Fashion was in need of a ctrl-alt-delete moment, what generous commentators have subsequently labelled the ‘Great Reset’, and it was far from it. While we are highly unlikely to ever have another 1947 New Look moment, what was shown on the catwalks of Paris has left many wondering, what now?
The initial hysteria and applause quickly died down and has left us in anticlimactic limbo. While not complete disasters, they weren’t the ‘fashion moment’ optimistically hoped for from a fashion industry that needed a boost. The two mega brand designer debuts were supposed to kickstart a fashion industry languishing in the doldrums. 2026 was supposed to the year where everything started to make sense and we could put the years of crazy behind us.
Both were a mish mash of designs; Matthieu Blazy’s Chanel had no two outfits the same, while Jonathan Anderson’s Dior did have some repetition, but no overarching theme. Neither of these shows had a thread running through to help the fashion industry make decisions for the next season and hopefully get the consumer excited and convince them into buying something new. The two shows that were supposed to provide an answer gave us little in terms of fashion trends and further Cruise collections a red carpet looks have just added to the confusion.

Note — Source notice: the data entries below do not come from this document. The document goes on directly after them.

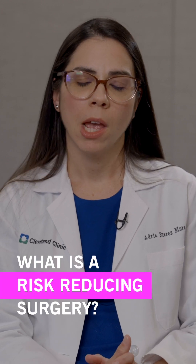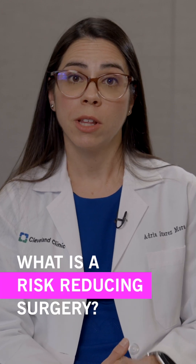A risk-reducing surgery is surgery that's performed in patients who are at a higher risk than baseline for certain kinds of cancers. The surgery is performed to either eliminate that risk or reduce it dramatically.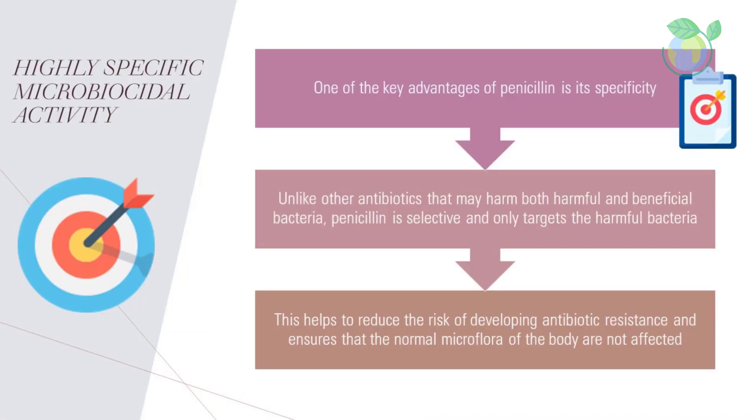One of the key advantages of penicillin is its specificity — its highly specific microbicidal activity. Unlike other antibiotics that may harm both harmful and beneficial bacteria, penicillin is selective and only targets the harmful bacteria. This helps to reduce the risk of developing antibiotic resistance and ensures that the normal microflora of the body are not affected.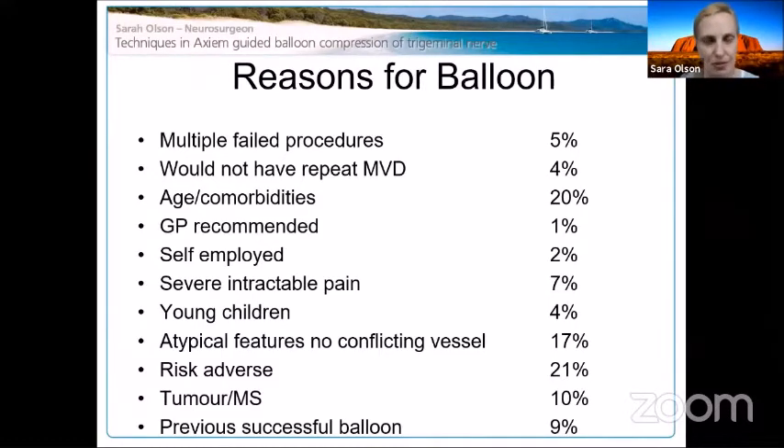We offer gamma knife, but not to patients in severe intractable pain because it takes too long to work. Those patients who come in with absolutely terrible pain — status trigeminalis, unable to talk or eat; my last patient was down to 36 kilos — we need to fix it quickly. Other indications included risk-averse patients, tumor, MS, and patients who had done well with balloon before and wanted it repeated.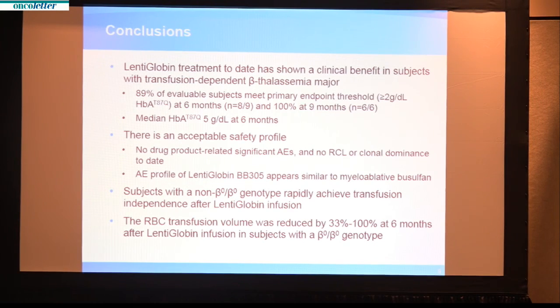Thanks very much for your attention. I'd also like to acknowledge and thank the families and patients who participated in the trial.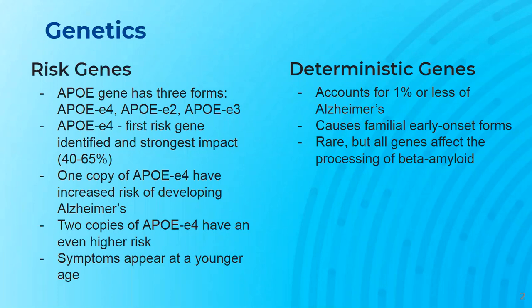Risk genes only increase the possibility of someone developing a disease. Researchers have identified the APOE gene as a risk gene. The APOE gene has three forms: APOE E4, APOE E2, and APOE E3. Everyone inherits some copy of the APOE gene. The APOE E4 was the first risk gene identified and has the strongest impact on risk for the disease. Around 40–65% of people diagnosed with Alzheimer's have the APOE E4 gene.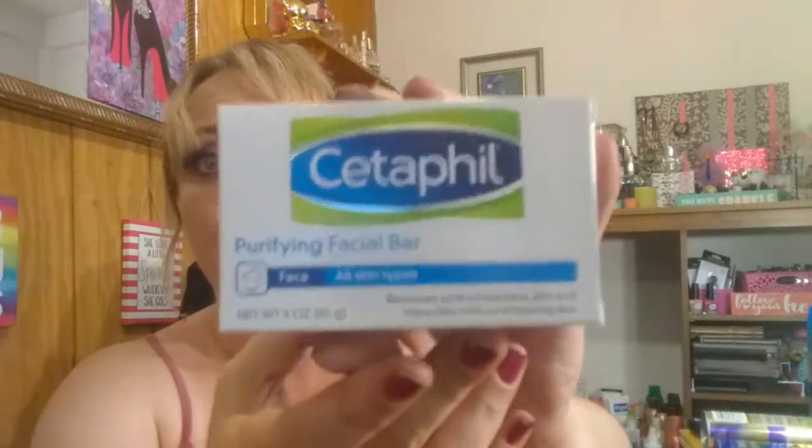I was very excited to find the Cetaphil purifying facial bar. This isn't super expensive at your local drugstore, but it's such a great brand. I don't normally use soap on my face, but this one says it removes surface bacteria, dirt, and impurities without stripping skin, and it smells good, so I'm going to try it. I see a lot of people who use the Cetaphil in the pump, so I said let me try this bar.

Jonathan Anderson’s Dior womenswear debut featured the bow shoe (AP/Aurelien Morissard: PA)
While we wait for the first of these collections to arrive in stores, the industry is in a sort of holding pattern. The media hysterics of the creative director appointments has died down, though it feels just as busy at the smaller brands, but we’re waiting for a decision or for something to become clearer on what the f**k we’re all supposed to be doing.
While it’s not Blazy and Anderson’s job to provide options for the entire fashion ecosystem, it would come naturally from collections produced at two of the biggest and most influential luxury fashion brands. Fashion needs consensus and these two collections were complete opposites; Blazy has gone down a minimal branding, fabric first route, while Anderson has gone for overly branded with the Dior name dominating everything.
Blazy’s much-hyped Chanel debut featured minimal branding (PA)
For example, what will the windows look like next season? Where were the must-have bags and shoes? Anderson’s main footwear style looked like shiny satin bridesmaid shoe, and Blazy’s novelty bags were more collector’s pieces set for future resale sites than ‘It’ bags to copy.
It is disappointing and is a long way from designers like Tom Ford and Hedi Slimane who really knew how to make trends for the fashion industry. Trends drive sales and they illustrate a reason for buying something new. Fashion needed a catalyst and huge shot in the arm – we all know times are tough – and this wasn’t it.